What makes a good photograph? I’m not sure. It is something that you can’t explain. You look at it and it strikes a chord with you. The second aspect we consider is the person, the personality and their brand. This has quite a detrimental effect in the way we view work or how we conform our ideas around it. We might think one thing but say another depending on the stature of that photographer. Two elements are working here for me leaving me in a position where I am not entirely sure how to approach this article. I have been pushing the pictures through my mind the past few days and I felt I had built myself up to this piece of text. Even so, I am apprehensive and this is because the pictures make me feel something I cannot explain with words. How do you explain that?
The reason these are good photographs is because they stir something within us. They do not reach out to a cause that we passionately believe in, nor do they make us angry because they depict a subject current in the news. They connote a certain quality that makes us experience every inch of the frame. Some more than others, the series of photographs appear to accumulate leaving outstanding picture with great ones, followed my decent efforts. Not everything is perfect. But this is what creates the intrigue. The process is a very human experience, built on an inherent sense of touch and feel. There is something emerging from the print. Even online this sheen astounds us, as we have no idea what to make of it. It makes us press our reblog and like buttons to remember and appreciate the work. They do not particularly say anything but they don’t need to.

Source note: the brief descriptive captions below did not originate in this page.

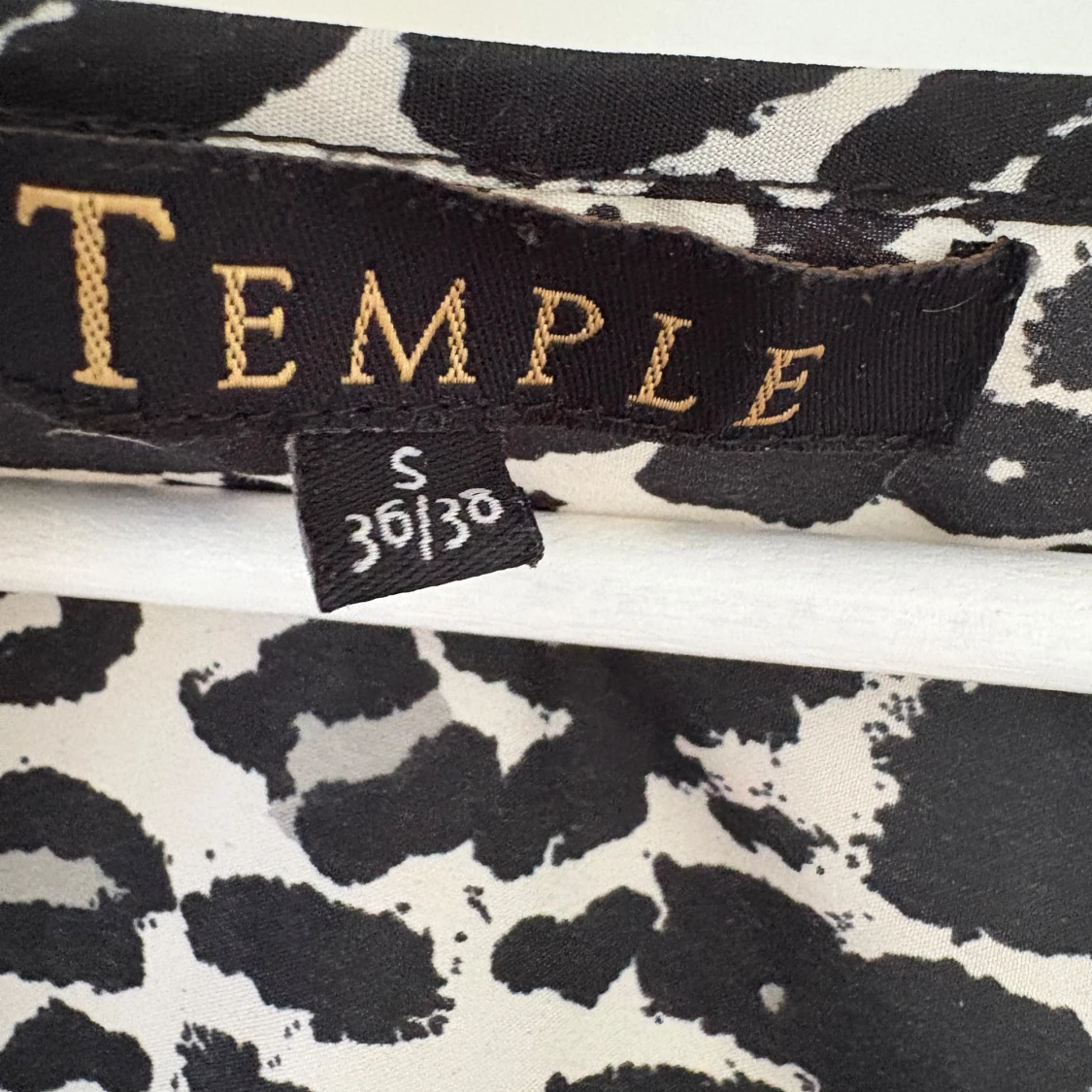 Leopardmönstrad linnetopp  - 2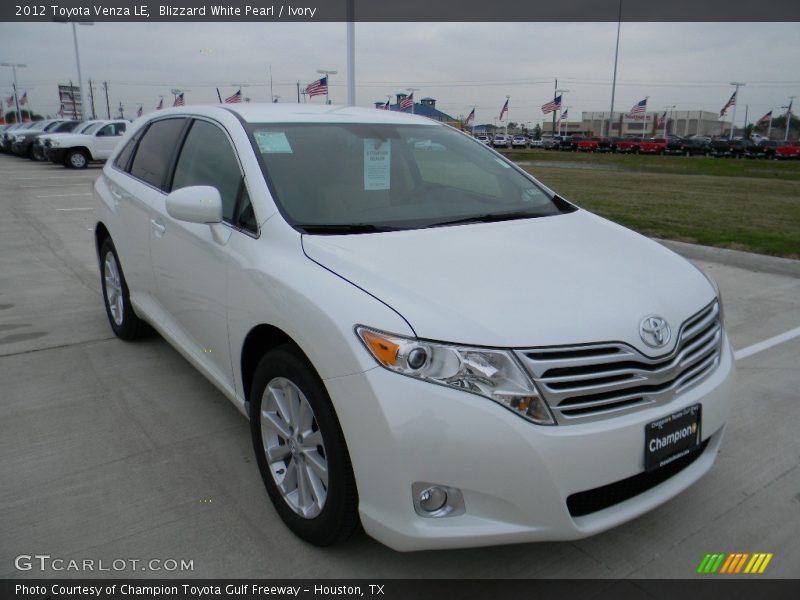 Blizzard White Pearl / Ivory 2012 Toyota Venza LE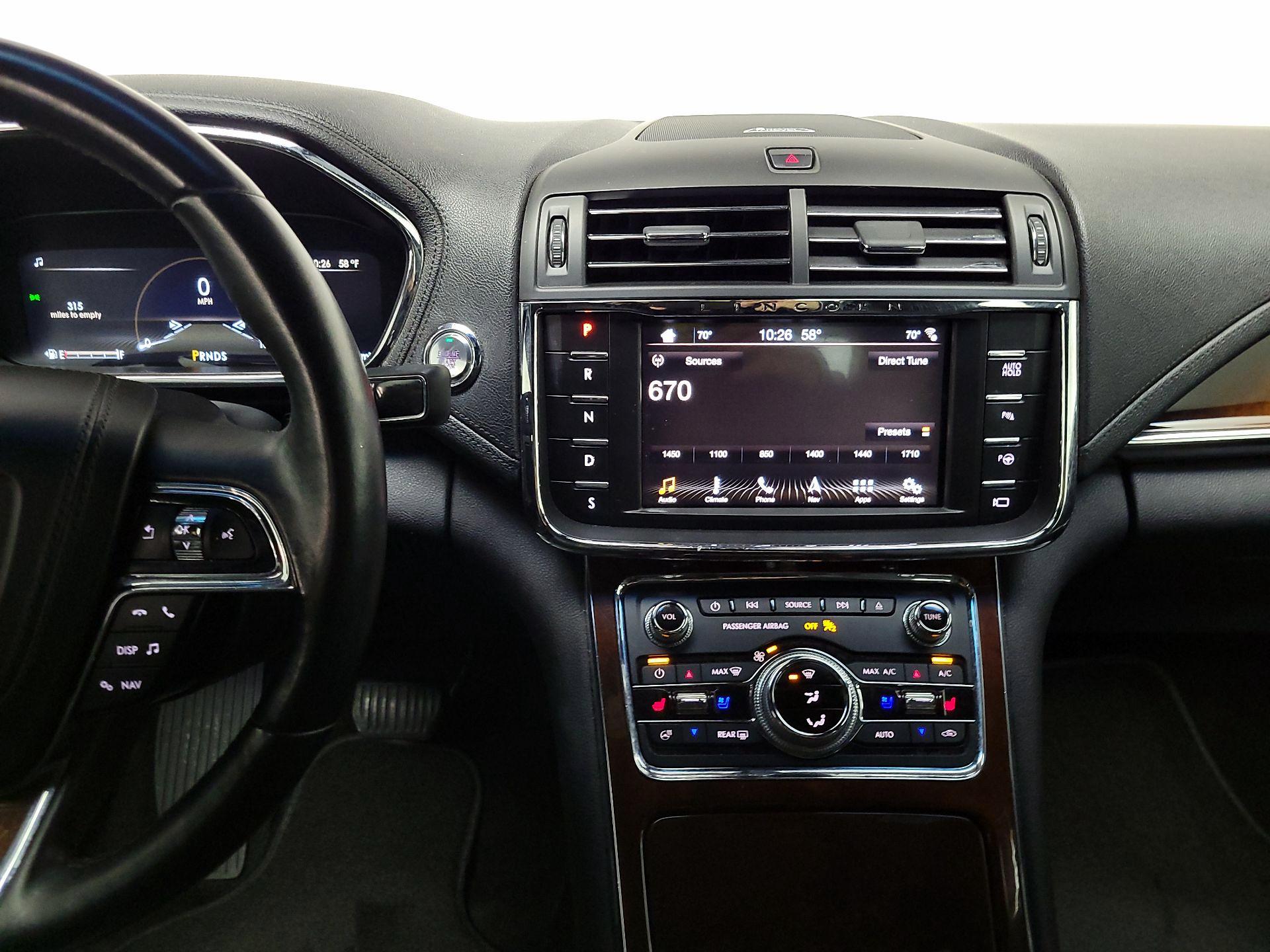 Thumbnail: 2017 Lincoln Continental - 18
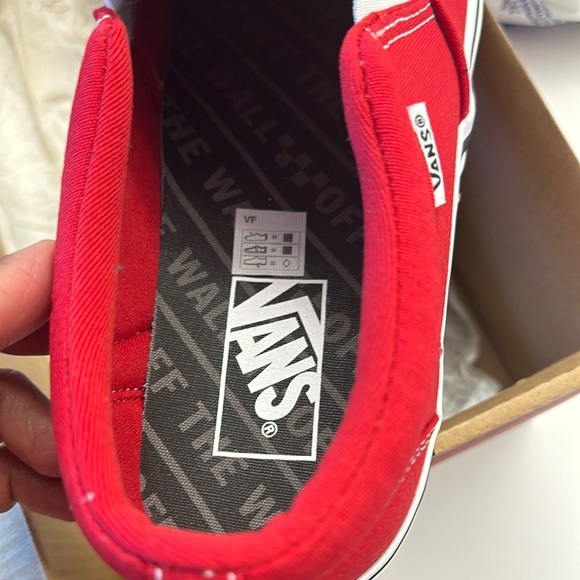 Vans Red Checkerboard Men’s Shoes - Picture 3 of 9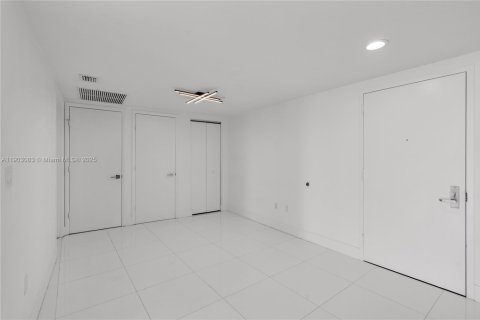Condominio en venta en Miami, Florida, 2 dormitorios, 129.13 m2 № 1955606 - foto 19
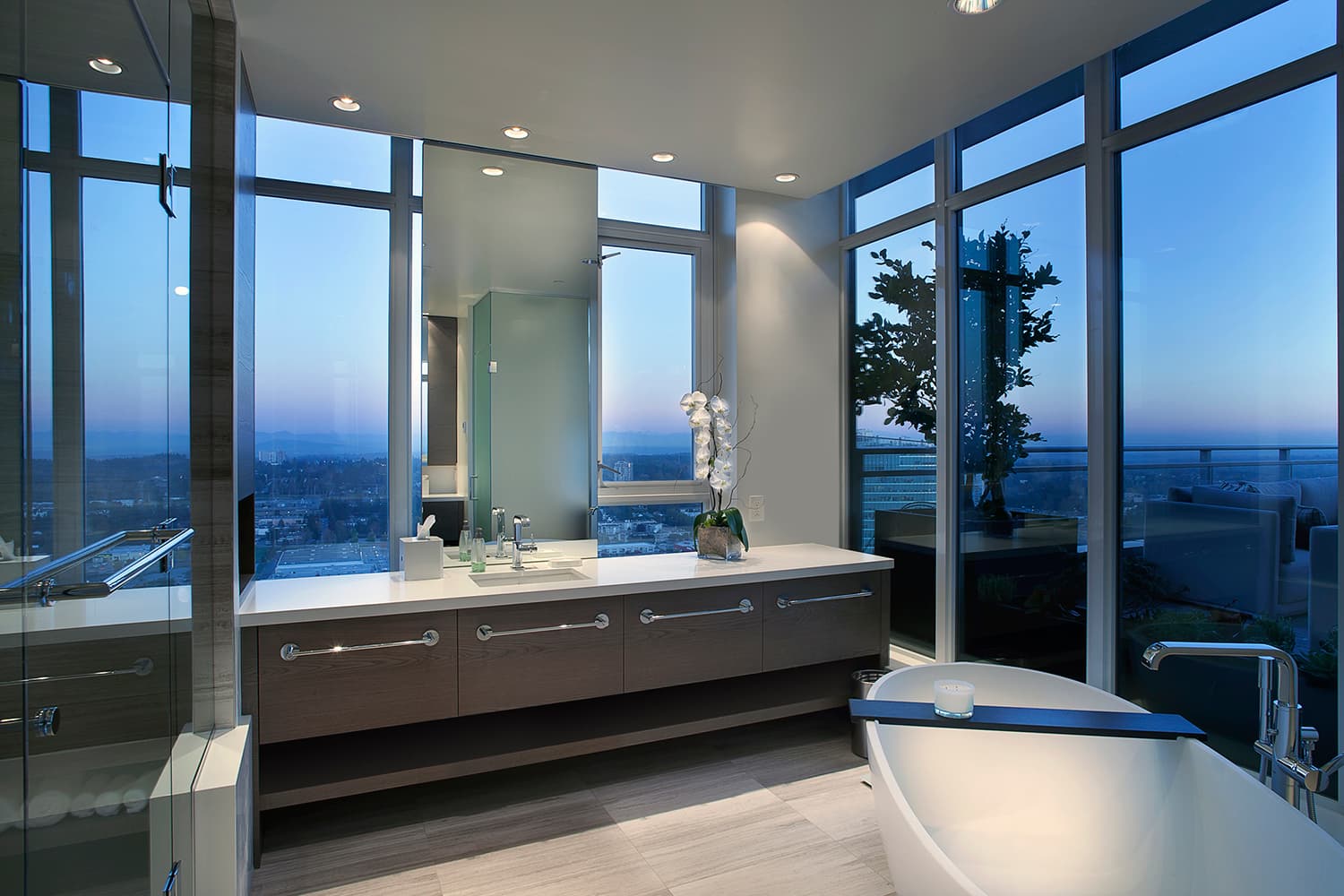 Penthouse Residence Surrey bathroom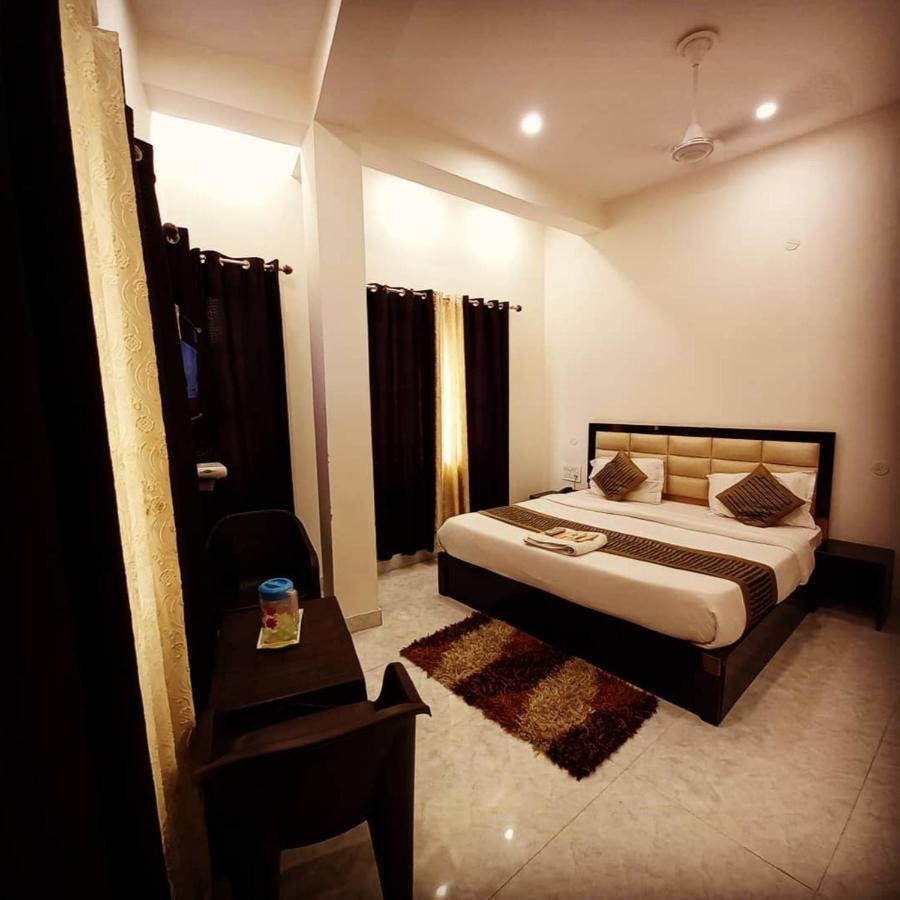 Hotel Banke Bihari Haridwār Esterno foto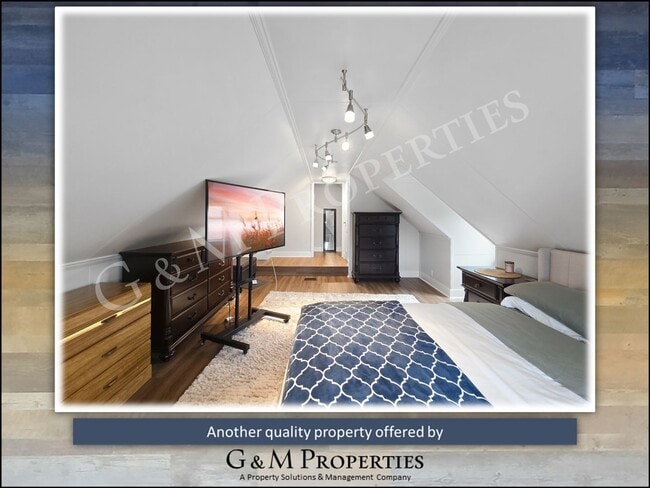 Building Photo - Rare 3-Bedroom Home Rental - just 1-Mile from Strong / Highland Hospitals!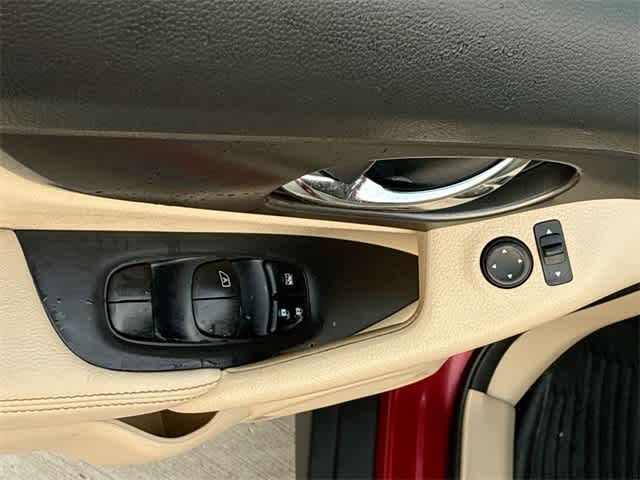 Thumbnail: 2015 Nissan Rogue - 30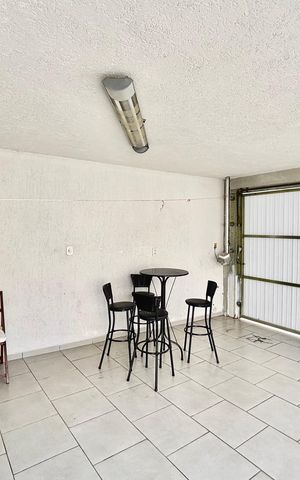 Casa para alugar com 175m², 3 quartos e 3 vagas Casa para alugar com 175m², 3 quartos e 3 vagasGaragem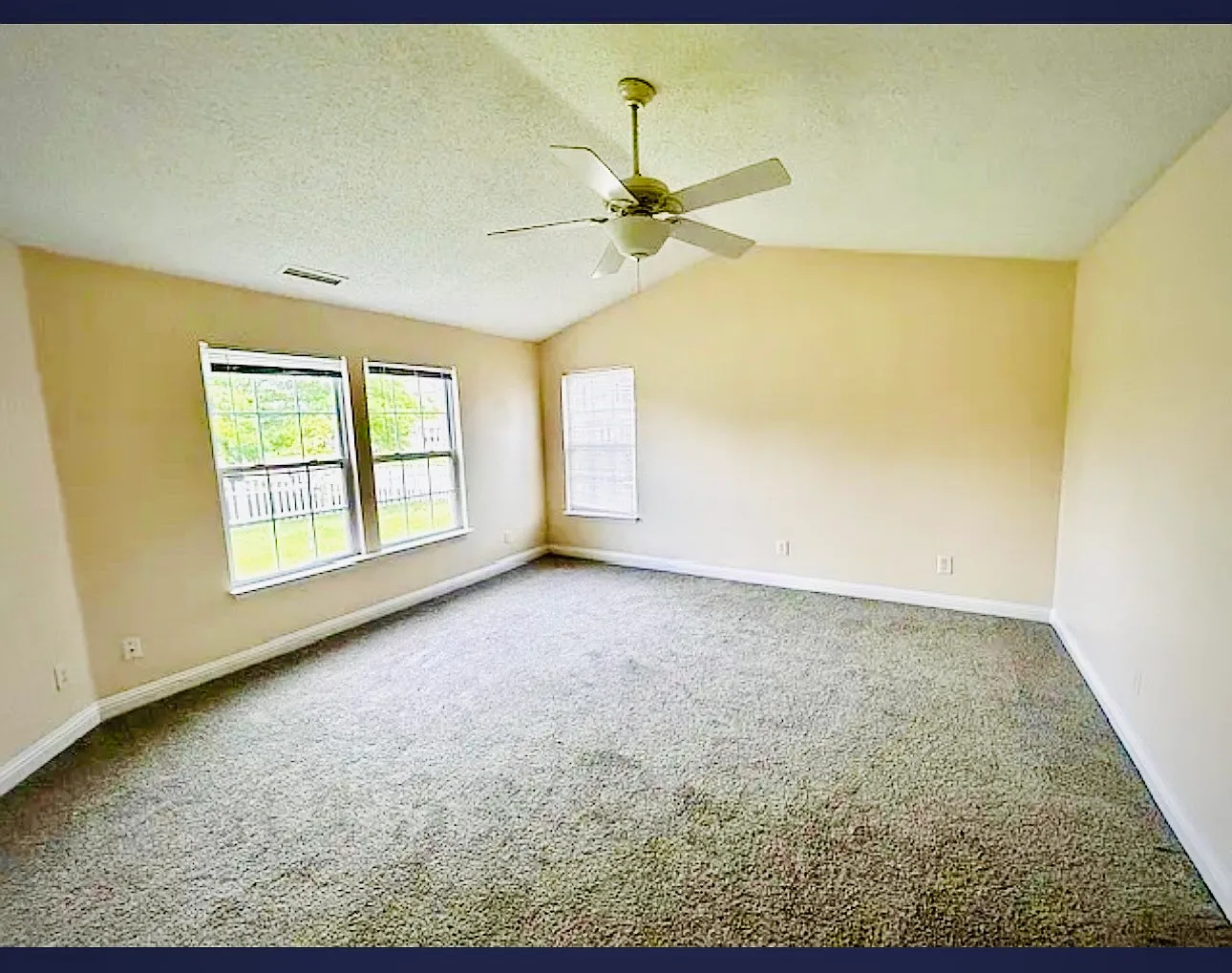 4 bed, 2718 sqft, $2,499 — Photo 2
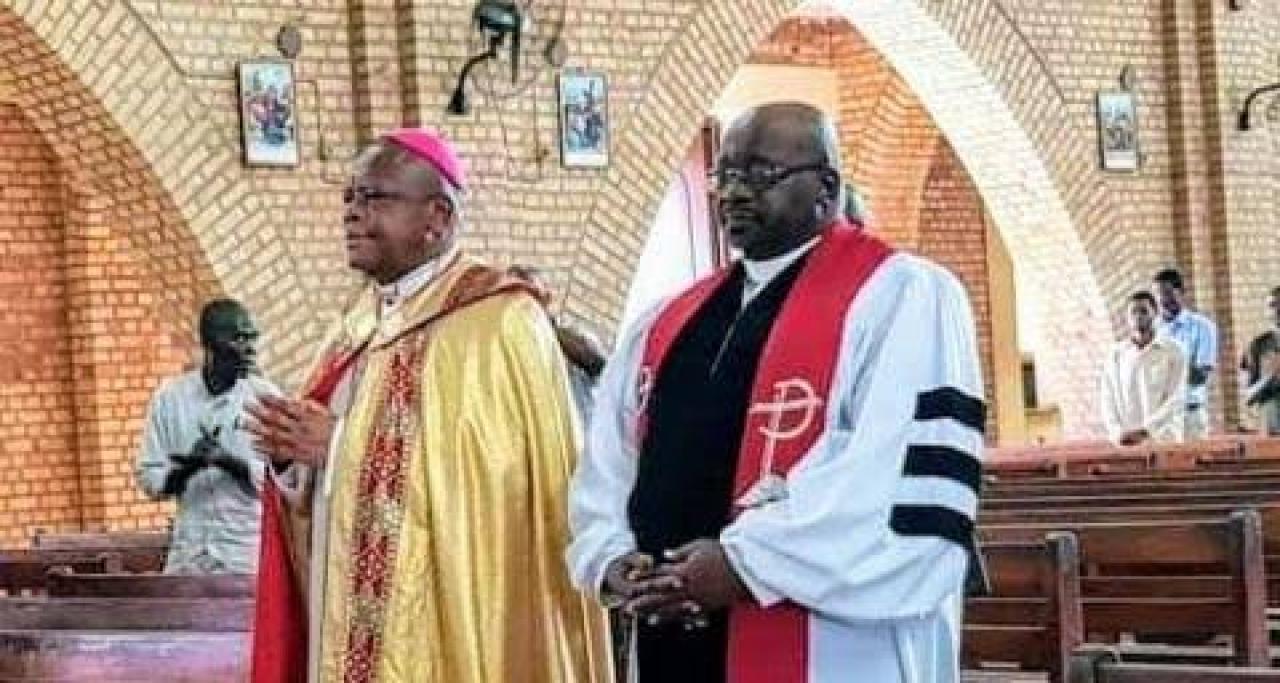 Révérend Docteur André Bokundoa, Président national et Représentant légal de l'Eglise du Christ au Congo (ECC) Bokundoa et le Cardinal de l'Eglise catholique,  Fridolin Ambongo Besungu [Photo d'illustration]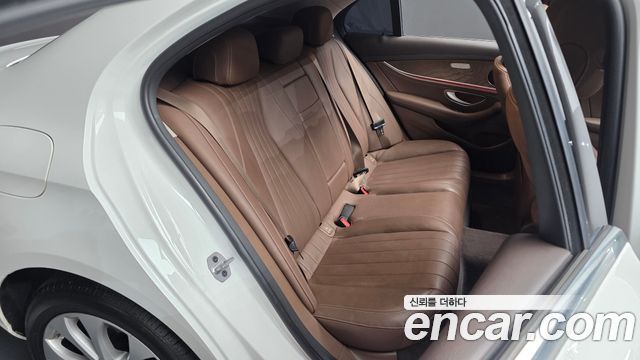 Mercedes-Benz E-Class (W213) E220d 4MATIC Exclusive 2020 — фото 11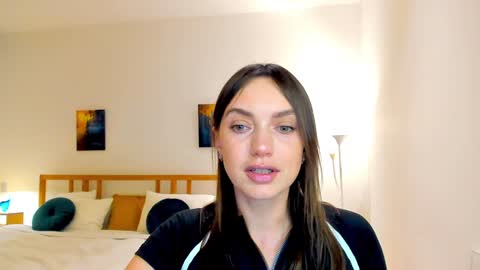 Snapshot of lovelyeemia chatting on December 7, 2:46 pm Mia online show from December 7, 2:46 pm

Is this what makes a successful photograph? Surely feeling is crucial component when we approach a piece of art. The best art does not need to be translated with a project statement; the best work does not explain anything in particular. It ties with our view of the world, but the photographers place within that. This creates an intimate relationship between the viewer and the photographer. We are shown something that is not completely there. This paradox develops tension within the photograph.
It is crucial to consider that these photographs were made from real circumstances but their treatment creates another element that contradicts reality. Questions of what is real and what is additional raise positive issues within the work. The work challenges our perception of a photograph rather than the subject; the subject merely facilitates this process. Alas, the subject is the enticing factor and invites description and consideration. What is the subject anyway?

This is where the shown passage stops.